Welcome to Ask April, a no-nonsense advice column focusing on what it is you can do to correct things that need correcting. While we all know much in life is out of our control, and sometimes, our reaction is all we CAN control, we really do have a lot of personal power, thankfully. Our will is just as important as the wills of others around us, and while we need to be considerate, we also need to make sure others are equally considerate of us. It is my hope that when you write in to me, asking advice that I can help you make a good decision that somehow improves whatever situation you’ve found yourself in. As with anything I share, I recommend people don’t automatically take my word for anything, but include my advice in with the rest of the things that help them make a decision. I wish you well. Read on.
This week’s advice column is not in orthodox question and answer style.
It is the result of a conversation I had. A confidential one, but one that raised an issue worth sharing simply because it is an issue so many people struggle with.
Somebody had a bad feeling about somebody else and wanted my input because they were worried maybe they were being unfair to the person who they found off putting.
Due to the need for confidentiality, I will not share the very valid reasons there were a lot of red flags, and the things other people had to say about it. The fact is, it really does not matter what other people said that validated what my friend was concerned about. My friend found said individual worrisome. It was a gut instinct telling my friend to stay away, but without understanding why, the logical side made her question her intuition.
My gut has saved me countless times. My friend is a good hearted person, and wants to make the World a better place. She does this is small ways and in large ways as well.
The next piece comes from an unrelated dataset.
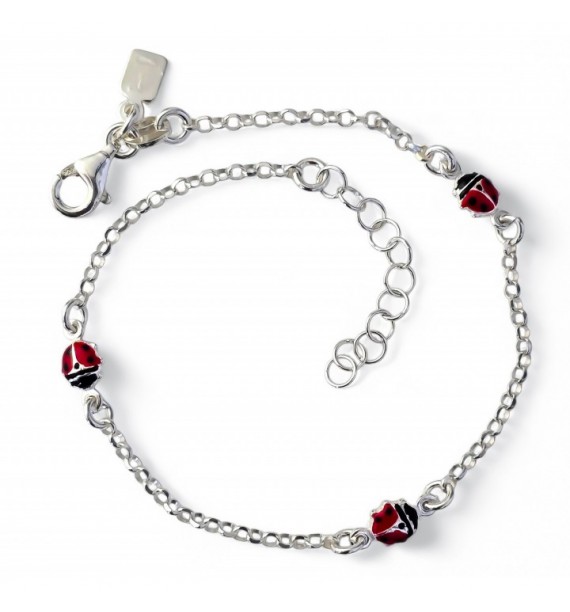 Pulsera infantil mariquitas esmalte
To me, that should have been enough for my friend to send the individual away.
Unfortunately, many of us don’t trust our guts. We suffer from the illusion that we have to give everybody a chance no matter what. Unfortunately, though, some people demonstrate chances are wasted on them. Listening to that initial “send the fucker away” would save us all a lot of time and trouble.
I’ll give an unrelated example.
I used to shop at a Borders Bookstore in Columbus, Ohio back in the good old days when it was still open. I was engaged, and the fiancée and I were probably there at least once a week, sometimes even twice a week.
There was this guy who also shopped there, who just gave me the creeps the first time I saw him, and I just couldn’t tell you why. He was not attractive, but I was not single.
He just looked yucky.
I could not understand why because he was clean and dressed decently. He just looked like a damn slime ball.
And of course, he wanted to talk to me. I didn’t fucking want to, but I fought my initial desire to run like hell from him because I wanted to be a nice person and give him a chance.
It turned out he wanted to talk sex. I did not want to, and no matter how many times I said so, he always brought the topic up. Because I tried to be “nice and give him a chance”, it took a screaming fit to finally get him to stay away. To this day, I throw up in my mouth a little when I think of the creep.
Human beings are blessed with a little warning mechanism inside our guts that tells us to stay the fuck away from certain things or certain people.
The problem is we either decide it might be fun to “be bad” and see how far we can push fate, or we just don’t want to hurt somebody’s feelings and explain we don’t want to communicate with them.
What if they are not trouble and we just dislike their personality even if they would not harm us? Is it wrong to not want to be around then? Absolutely not. There are an estimated 7.4 billion people in the world. If you don’t want to be around them, they have PLENTY of other people to choose from.
I would just like to see more of us listen to ourselves about other people. It’s okay to, and there is no need to feel guilty. Believe me, there are other people put off by each of us the first time they meet us as well, and they don’t stifle their impulse to stay away.
It’s okay for them, and it’s okay for us. Follow your gut.